Work task ▸
The answer must be an exact copy of the lines from the one with "215/70R17.5 12PR ヨコハマ" to the last line of the entries below, both included, and must contain no pictures.

Content starts

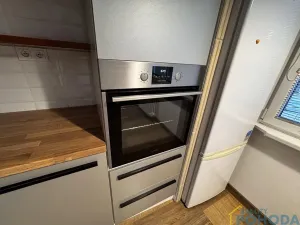 Pronájem bytu 2+1, Litomyšl, Komenského nám., 60 m2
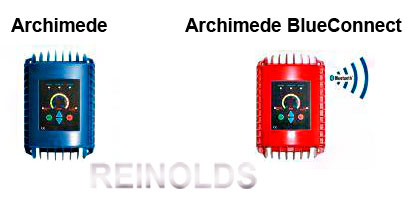   Electroil Archimede    Electroil Archimede
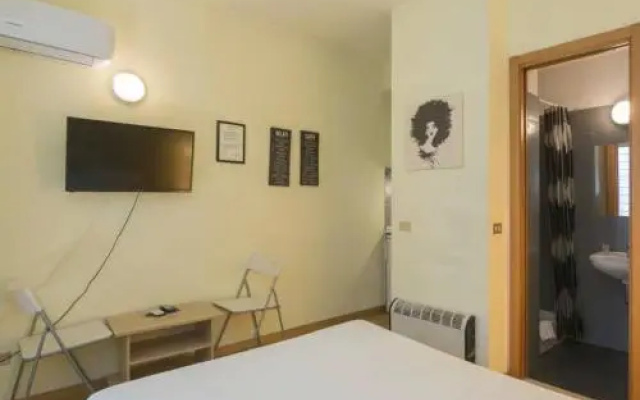 Sempione SR Apartment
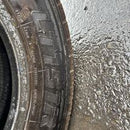 215/70R17.5 12PR ヨコハマ LT151R 中古夏タイヤ 6本セット:48000円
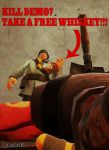 My TF2 Propaganda Contest Works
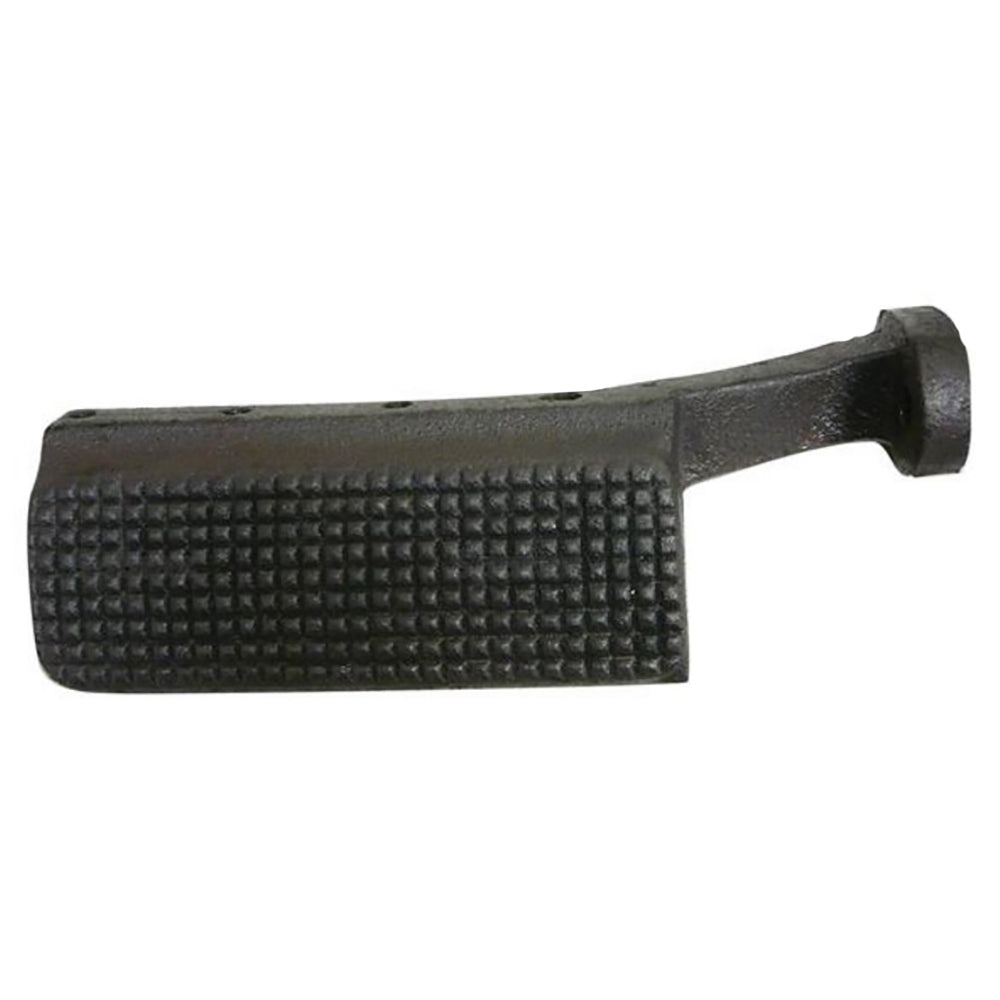 1672928M5-RH RH Foot Rest – Fits Massey Ferguson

Content ends

Result ▸
 215/70R17.5 12PR ヨコハマ LT151R 中古夏タイヤ 6本セット:48000円
 My TF2 Propaganda Contest Works
 1672928M5-RH RH Foot Rest – Fits Massey Ferguson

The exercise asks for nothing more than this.